Transgenic canola

When the first genetically modified (GM) organisms were being developed for the farm, says Anastasia Bodnar, “we were promised rocket jet packs” — futuristic, ultra-nutritious crops that would bring exotic produce to the supermarket and help to feed a hungry world.



Yet so far, she says, the technology has bestowed most of its benefits on agribusiness — almost always through crops modified to withstand weed-killing chemicals or resist insect pests. This has allowed farmers to increase yields and spray less pesticide than they might have otherwise.

At best, such advances have been almost invisible to ordinary consumers, says Bodnar, a biotechnologist with Biology Fortified, a non-profit GM-organism advocacy organization in Middleton, Wisconsin. And at worst, they have helped to fuel the rage of opponents of genetic modification, who say that transgenic crops have concentrated power and profits in the hands of a few large corporations, and are a prime example of scientists meddling in nature, heedless of the dangers.

But that could soon change, thanks to a whole new generation of GM crops now making their way from laboratory to market. Some of these crops will tackle new problems, from apples that stave off discoloration to ‘Golden Rice’ and bright-orange bananas fortified with nutrients to improve the diets of people in the poorest countries.

Other next-generation crops will be created using advanced genetic-manipulation techniques that allow high-precision editing of the plant’s own genome. Such approaches could reduce the need to modify commercial crops with genes imported from other species — one of the practices that most disturbs critics of genetic modification. And that, in turn, could conceivably reduce the public disquiet over GM foods.

Or maybe not. Whatever promise these crops may show in the laboratory, they will still have to demonstrate their benefits in painstaking, expensive and detailed field trials; jump through multiple regulatory hoops; and reassure an often skeptical public. That last part will not be easy, says Philip Bereano, who studies the political and social aspects of new technologies at the University of Washington, Seattle. He points out that the arguments over GM organisms run the gamut from concerns about safety and labeling to ethical issues with the patenting of life. “People are concerned about what they’re feeding their kids,” he says, “and that is not going to change.”

Nevertheless, most GM-organism researchers seem convinced that the worst of the technology’s problems are over, and that its future is bright. If you are looking for the jet-pack era of GM organisms, says Bodnar, “it is happening now.”

The first wave of GM crops was marketed mainly to farmers, with the goal of making their jobs easier, more productive and more profitable. In 1996, for example, biotechnology firm Monsanto of St Louis, Missouri, introduced the first of its popular ‘Roundup Ready’ products: a soya bean equipped with a bacterial gene that allows it to tolerate a Monsanto-made glyphosphate herbicide known as Roundup. This meant that farmers could kill off the majority of weeds with one herbicide rather than several, without damaging the crop. Other GM crops soon followed, including Monsanto’s Bt cotton: a plant modified to produce a bacterial toxin that discourages destructive bollworms and cuts down on the need for pesticides.

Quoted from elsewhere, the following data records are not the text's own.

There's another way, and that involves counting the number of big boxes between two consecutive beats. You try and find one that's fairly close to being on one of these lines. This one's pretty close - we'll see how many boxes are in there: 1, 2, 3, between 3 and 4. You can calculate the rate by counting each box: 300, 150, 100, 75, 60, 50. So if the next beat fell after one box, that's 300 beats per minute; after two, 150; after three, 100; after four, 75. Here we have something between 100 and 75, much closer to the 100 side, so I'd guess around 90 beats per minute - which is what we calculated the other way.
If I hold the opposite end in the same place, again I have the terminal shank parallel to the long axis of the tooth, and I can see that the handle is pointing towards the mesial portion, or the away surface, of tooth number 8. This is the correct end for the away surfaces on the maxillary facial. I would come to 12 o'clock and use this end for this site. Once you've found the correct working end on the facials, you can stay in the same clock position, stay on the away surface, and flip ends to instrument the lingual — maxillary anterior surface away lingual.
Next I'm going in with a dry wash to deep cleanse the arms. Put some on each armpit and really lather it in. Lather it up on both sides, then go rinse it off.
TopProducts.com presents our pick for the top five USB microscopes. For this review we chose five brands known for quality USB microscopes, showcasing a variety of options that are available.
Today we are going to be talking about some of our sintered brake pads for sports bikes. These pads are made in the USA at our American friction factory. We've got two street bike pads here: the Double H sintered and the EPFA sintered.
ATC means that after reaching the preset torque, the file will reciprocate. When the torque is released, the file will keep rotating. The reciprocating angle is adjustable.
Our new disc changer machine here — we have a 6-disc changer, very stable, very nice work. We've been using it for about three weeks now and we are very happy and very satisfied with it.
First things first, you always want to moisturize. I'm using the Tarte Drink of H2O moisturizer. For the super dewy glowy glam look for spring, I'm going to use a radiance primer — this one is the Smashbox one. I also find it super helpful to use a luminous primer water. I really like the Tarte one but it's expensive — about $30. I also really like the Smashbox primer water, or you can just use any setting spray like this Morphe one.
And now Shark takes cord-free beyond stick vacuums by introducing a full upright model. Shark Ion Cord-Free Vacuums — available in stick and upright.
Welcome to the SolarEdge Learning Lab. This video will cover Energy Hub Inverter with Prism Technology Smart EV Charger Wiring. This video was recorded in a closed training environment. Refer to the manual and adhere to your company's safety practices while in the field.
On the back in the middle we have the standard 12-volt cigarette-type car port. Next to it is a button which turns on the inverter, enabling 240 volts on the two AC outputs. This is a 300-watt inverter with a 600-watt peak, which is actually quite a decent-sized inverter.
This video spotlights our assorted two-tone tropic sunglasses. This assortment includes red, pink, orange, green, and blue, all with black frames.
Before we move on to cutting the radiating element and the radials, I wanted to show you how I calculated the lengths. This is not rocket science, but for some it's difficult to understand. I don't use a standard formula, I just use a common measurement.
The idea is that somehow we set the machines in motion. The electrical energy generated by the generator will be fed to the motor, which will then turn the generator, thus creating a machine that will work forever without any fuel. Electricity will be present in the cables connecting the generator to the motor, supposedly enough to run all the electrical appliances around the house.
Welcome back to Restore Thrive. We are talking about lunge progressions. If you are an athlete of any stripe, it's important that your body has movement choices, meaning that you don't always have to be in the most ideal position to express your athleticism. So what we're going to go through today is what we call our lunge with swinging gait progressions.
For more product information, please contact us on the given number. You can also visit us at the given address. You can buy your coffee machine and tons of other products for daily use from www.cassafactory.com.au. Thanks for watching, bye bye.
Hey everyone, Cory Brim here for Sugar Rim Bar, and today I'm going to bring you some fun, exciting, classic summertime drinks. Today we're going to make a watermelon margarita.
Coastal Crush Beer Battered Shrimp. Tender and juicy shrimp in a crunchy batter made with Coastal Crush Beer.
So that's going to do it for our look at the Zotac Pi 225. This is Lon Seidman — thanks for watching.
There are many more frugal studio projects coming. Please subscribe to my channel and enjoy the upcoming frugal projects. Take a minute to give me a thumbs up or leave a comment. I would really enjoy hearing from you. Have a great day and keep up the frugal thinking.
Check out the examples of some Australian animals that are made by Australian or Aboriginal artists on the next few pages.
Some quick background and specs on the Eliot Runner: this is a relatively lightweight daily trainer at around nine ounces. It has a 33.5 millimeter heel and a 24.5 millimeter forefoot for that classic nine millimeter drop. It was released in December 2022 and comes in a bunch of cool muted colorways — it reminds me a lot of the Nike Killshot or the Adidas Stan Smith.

Farmers will continue to be a core market for the coming generation of GM organisms. At Rothamsted Research in Harpenden, UK, for example, scientists are working on GM plants that will need even less pesticide than Bt cotton, and maybe none at all. The key is an ‘alarm pheromone’ that some species of wild plant have evolved to mimic the chemical warning signals put out by aphids — a major crop pest in the temperate zones — when they are under attack. Putting the genes for this defense into wheat has created a crop that could trick the insects into thinking that they are in peril and drive them away. Unlike Bt cotton and other existing GM organisms, such a crop would need no insect-killing chemical for protection from pests.